Sogni Colorati
Sogni Colorati
Non so quando ho smesso di sognare così. Non in quel modo, almeno. Era come respirare, da bambino: naturale, inevitabile. Sognavo davanti alla finestra della stanza da pranzo. C’era qualcosa di speciale, ma non lo sapevo allora. Solo una finestra, il vetro un po’ appannato, e il mondo là fuori che sembrava più grande di quanto fosse davvero.
Poi un giorno è arrivato quel tavolo. Truciolato rivestito in formica effetto legno. Una di quelle cose che non decidi tu, ma che succedono perché sì. Mia madre l’aveva comprato senza grandi discorsi, senza cerimonie, eppure ha cambiato tutto. Da quel momento, non ero più solo un ragazzino che guardava fuori. Ero un esploratore. Un artista, almeno nella mia testa.

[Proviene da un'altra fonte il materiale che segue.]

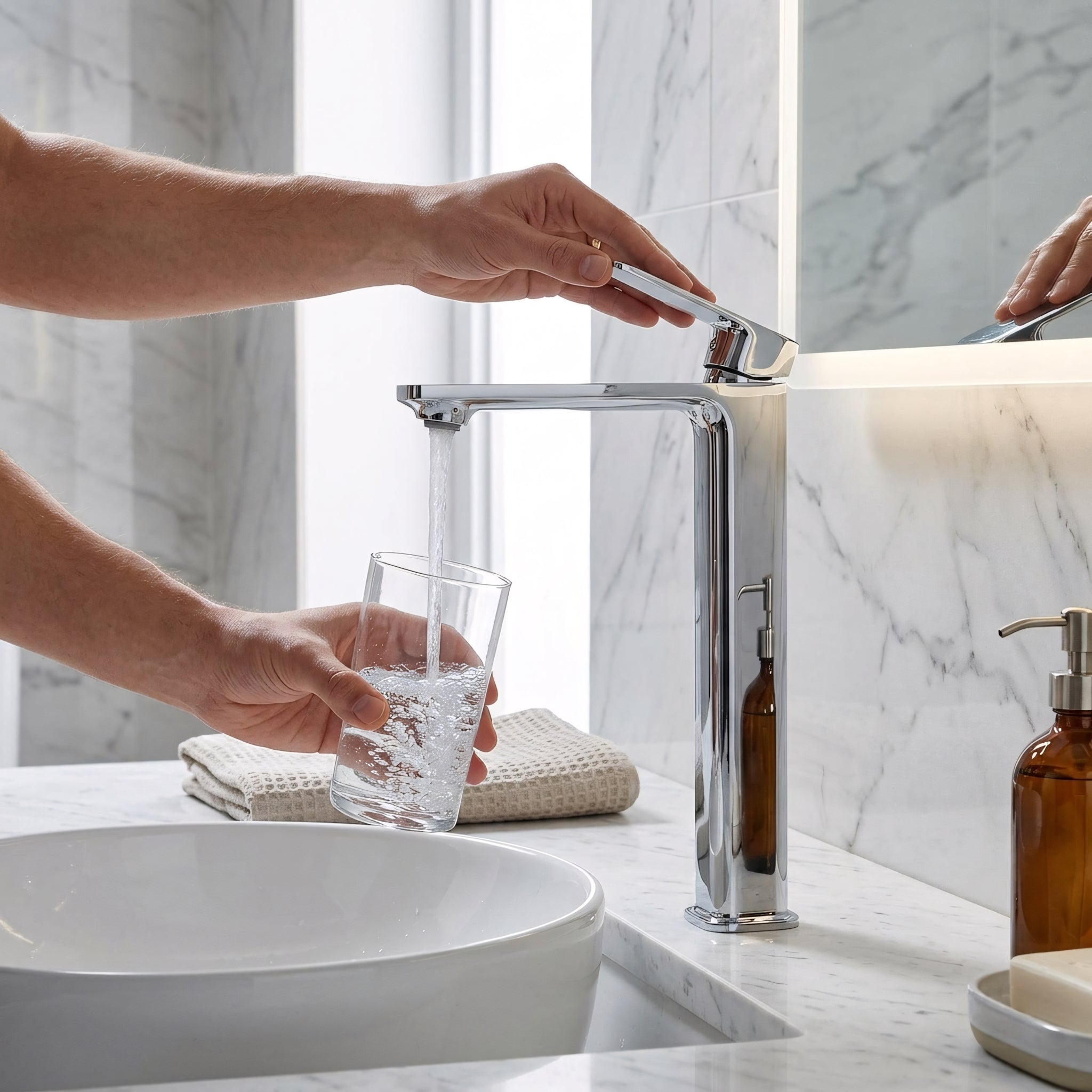 Santorini Single Handle Bathroom Sink Faucet in Chrome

Mi sedevo lì con un compasso, un pennino, e delle vaschette di colori che sembravano quasi più vivi di me. Facevo cerchi. Soffiavo i colori dentro quei contorni e prendevano vita. Un’esplosione di blu, gialli, rossi. Sembrava che il foglio sapesse più cose di me, che mi dicesse: “Dai, continua, non fermarti.”
E poi c’era la radio. Dio, la radio! Un transistor con quel suono un po’ sporco, un po’ caldo, come un abbraccio del passato. Funzionava con le pile che mio padre portava a casa dalle Ferrovie dello Stato. Erano pile vecchie, ma ancora buone. Io le adoravo. Mi piaceva pensare che avessero dentro una specie di energia magica, quella che dava forza ai treni e alle mie serate.

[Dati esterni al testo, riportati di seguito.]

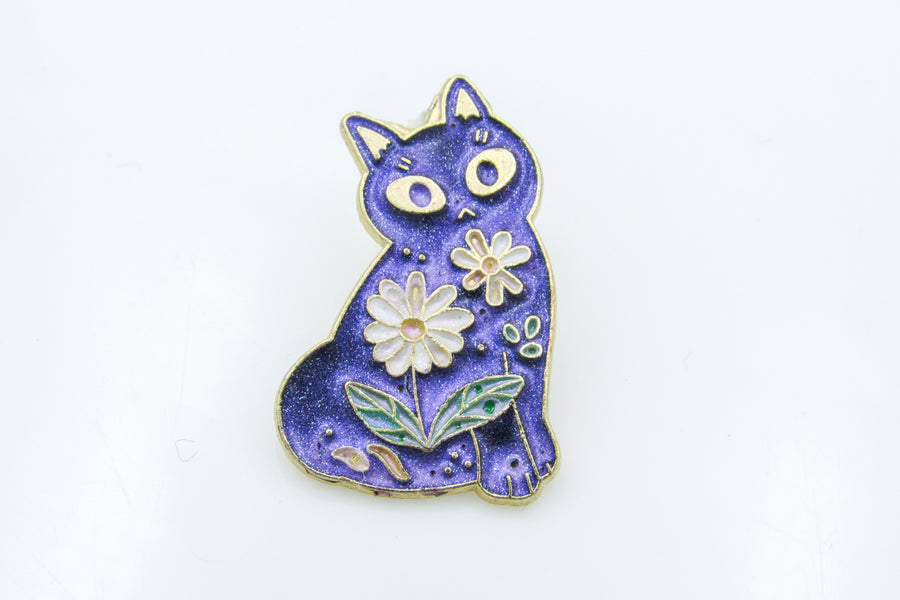 Purple Iridescent Cat Enamel Painted Metal Pin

Il suono riempiva la stanza mentre i colori si allargavano sul foglio. Erano canzoni che non sapevo neanche riconoscere, ma che mi facevano sentire grande. Eppure ero solo un ragazzino di undici anni. Sognavo. Ma cosa? Non lo so, non lo ricordo bene. Forse una ragazza, quella che mi aveva detto di no al parco giochi. O forse un’altra vita, una più grande, una dove non c’era il confine della finestra.
Stavo ore lì, senza accorgermene. Il tempo si piegava, diventava piccolo e stretto. Mi sembrava di aver vissuto una vita intera quando alzavo lo sguardo e il cielo fuori era già buio. C’erano i colori, la musica, e c’ero io. Non mi serviva altro.
Ecco, ci penso adesso, dopo anni. Non era solo un tavolo, non era solo una radio, non erano solo colori. Era un modo di credere che tutto fosse possibile. Ed è strano, perché cresci e pensi che non è così. Che c’è un limite, che c’è sempre qualcosa che manca. Ma non mancava niente allora.
Erano sogni semplici, che non avevano bisogno di grandi parole o di grandi storie. Sogni che non facevano rumore, ma ti restavano addosso. Ed è per questo che oggi, mentre scrivo, cerco ancora quel ragazzino seduto al tavolo di formica. Forse non è mai andato via.